--- GIVEN RECORDS ---
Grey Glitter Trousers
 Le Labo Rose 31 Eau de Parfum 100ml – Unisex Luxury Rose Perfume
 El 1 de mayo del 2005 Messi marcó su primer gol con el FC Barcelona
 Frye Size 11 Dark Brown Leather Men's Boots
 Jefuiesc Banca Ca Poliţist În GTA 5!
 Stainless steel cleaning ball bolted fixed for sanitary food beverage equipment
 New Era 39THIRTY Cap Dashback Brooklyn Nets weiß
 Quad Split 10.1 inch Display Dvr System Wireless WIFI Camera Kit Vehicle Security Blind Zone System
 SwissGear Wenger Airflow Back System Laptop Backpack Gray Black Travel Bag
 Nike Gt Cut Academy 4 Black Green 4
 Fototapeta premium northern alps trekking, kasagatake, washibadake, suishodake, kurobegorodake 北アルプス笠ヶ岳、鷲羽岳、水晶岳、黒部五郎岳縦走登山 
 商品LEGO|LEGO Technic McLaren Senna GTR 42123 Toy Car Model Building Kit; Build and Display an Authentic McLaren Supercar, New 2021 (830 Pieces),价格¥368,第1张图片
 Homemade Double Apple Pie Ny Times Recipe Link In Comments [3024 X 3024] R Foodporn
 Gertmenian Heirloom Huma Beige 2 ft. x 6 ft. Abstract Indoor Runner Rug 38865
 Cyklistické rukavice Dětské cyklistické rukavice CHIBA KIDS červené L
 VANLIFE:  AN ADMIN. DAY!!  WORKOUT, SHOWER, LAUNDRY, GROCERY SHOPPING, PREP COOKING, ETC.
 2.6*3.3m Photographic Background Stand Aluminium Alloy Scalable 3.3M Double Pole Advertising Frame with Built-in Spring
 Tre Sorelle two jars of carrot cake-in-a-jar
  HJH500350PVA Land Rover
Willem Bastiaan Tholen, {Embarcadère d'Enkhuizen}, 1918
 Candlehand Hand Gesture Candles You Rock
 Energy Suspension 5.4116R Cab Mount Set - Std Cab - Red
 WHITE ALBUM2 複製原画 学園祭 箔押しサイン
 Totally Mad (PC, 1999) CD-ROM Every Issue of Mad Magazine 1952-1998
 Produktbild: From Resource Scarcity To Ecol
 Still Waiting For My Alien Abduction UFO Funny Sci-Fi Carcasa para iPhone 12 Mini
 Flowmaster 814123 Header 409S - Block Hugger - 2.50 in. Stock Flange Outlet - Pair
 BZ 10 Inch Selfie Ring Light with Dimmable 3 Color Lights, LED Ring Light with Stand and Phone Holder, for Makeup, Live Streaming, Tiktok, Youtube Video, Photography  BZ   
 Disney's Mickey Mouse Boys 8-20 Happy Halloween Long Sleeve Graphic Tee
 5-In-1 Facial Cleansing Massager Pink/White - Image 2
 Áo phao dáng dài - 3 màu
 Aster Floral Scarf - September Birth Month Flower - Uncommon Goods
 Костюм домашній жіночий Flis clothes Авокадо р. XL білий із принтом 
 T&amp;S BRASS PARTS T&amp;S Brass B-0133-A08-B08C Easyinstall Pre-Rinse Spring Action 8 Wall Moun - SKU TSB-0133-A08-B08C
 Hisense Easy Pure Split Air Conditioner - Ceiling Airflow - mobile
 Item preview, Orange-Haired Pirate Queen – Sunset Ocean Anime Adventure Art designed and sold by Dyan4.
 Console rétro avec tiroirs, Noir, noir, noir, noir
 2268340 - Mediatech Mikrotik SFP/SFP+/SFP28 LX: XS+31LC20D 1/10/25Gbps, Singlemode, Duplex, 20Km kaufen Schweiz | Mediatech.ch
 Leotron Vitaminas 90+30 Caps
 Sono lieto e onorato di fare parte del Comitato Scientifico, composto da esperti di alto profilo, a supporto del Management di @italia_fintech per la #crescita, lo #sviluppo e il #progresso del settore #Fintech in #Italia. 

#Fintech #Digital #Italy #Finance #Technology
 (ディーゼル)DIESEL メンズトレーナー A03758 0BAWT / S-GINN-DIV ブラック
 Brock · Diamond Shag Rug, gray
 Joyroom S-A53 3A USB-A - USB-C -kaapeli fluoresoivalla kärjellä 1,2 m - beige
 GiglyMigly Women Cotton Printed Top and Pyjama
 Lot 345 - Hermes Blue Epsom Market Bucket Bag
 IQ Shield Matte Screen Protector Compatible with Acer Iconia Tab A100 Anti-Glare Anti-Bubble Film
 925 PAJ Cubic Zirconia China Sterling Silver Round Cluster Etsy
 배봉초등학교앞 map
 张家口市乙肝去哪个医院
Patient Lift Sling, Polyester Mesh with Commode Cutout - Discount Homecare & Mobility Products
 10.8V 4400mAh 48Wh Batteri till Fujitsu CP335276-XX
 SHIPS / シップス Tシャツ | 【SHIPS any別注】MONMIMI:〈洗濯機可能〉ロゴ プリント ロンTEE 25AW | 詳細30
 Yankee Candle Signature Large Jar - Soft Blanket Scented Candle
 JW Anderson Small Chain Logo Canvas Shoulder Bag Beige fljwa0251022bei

--- YOUR OBJECTIVE ---
Beginning with the line above that contains "Tre Sorelle two jars of carrot cake-in-a-jar", copy each line exactly up to and including the line that contains "GiglyMigly Women Cotton", and go no further.

--- FINISHED TASK ---
 Tre Sorelle two jars of carrot cake-in-a-jar
  HJH500350PVA Land Rover
Willem Bastiaan Tholen, {Embarcadère d'Enkhuizen}, 1918
 Candlehand Hand Gesture Candles You Rock
 Energy Suspension 5.4116R Cab Mount Set - Std Cab - Red
 WHITE ALBUM2 複製原画 学園祭 箔押しサイン
 Totally Mad (PC, 1999) CD-ROM Every Issue of Mad Magazine 1952-1998
 Produktbild: From Resource Scarcity To Ecol
 Still Waiting For My Alien Abduction UFO Funny Sci-Fi Carcasa para iPhone 12 Mini
 Flowmaster 814123 Header 409S - Block Hugger - 2.50 in. Stock Flange Outlet - Pair
 BZ 10 Inch Selfie Ring Light with Dimmable 3 Color Lights, LED Ring Light with Stand and Phone Holder, for Makeup, Live Streaming, Tiktok, Youtube Video, Photography  BZ   
 Disney's Mickey Mouse Boys 8-20 Happy Halloween Long Sleeve Graphic Tee
 5-In-1 Facial Cleansing Massager Pink/White - Image 2
 Áo phao dáng dài - 3 màu
 Aster Floral Scarf - September Birth Month Flower - Uncommon Goods
 Костюм домашній жіночий Flis clothes Авокадо р. XL білий із принтом 
 T&amp;S BRASS PARTS T&amp;S Brass B-0133-A08-B08C Easyinstall Pre-Rinse Spring Action 8 Wall Moun - SKU TSB-0133-A08-B08C
 Hisense Easy Pure Split Air Conditioner - Ceiling Airflow - mobile
 Item preview, Orange-Haired Pirate Queen – Sunset Ocean Anime Adventure Art designed and sold by Dyan4.
 Console rétro avec tiroirs, Noir, noir, noir, noir
 2268340 - Mediatech Mikrotik SFP/SFP+/SFP28 LX: XS+31LC20D 1/10/25Gbps, Singlemode, Duplex, 20Km kaufen Schweiz | Mediatech.ch
 Leotron Vitaminas 90+30 Caps
 Sono lieto e onorato di fare parte del Comitato Scientifico, composto da esperti di alto profilo, a supporto del Management di @italia_fintech per la #crescita, lo #sviluppo e il #progresso del settore #Fintech in #Italia. 

#Fintech #Digital #Italy #Finance #Technology
 (ディーゼル)DIESEL メンズトレーナー A03758 0BAWT / S-GINN-DIV ブラック
 Brock · Diamond Shag Rug, gray
 Joyroom S-A53 3A USB-A - USB-C -kaapeli fluoresoivalla kärjellä 1,2 m - beige
 GiglyMigly Women Cotton Printed Top and Pyjama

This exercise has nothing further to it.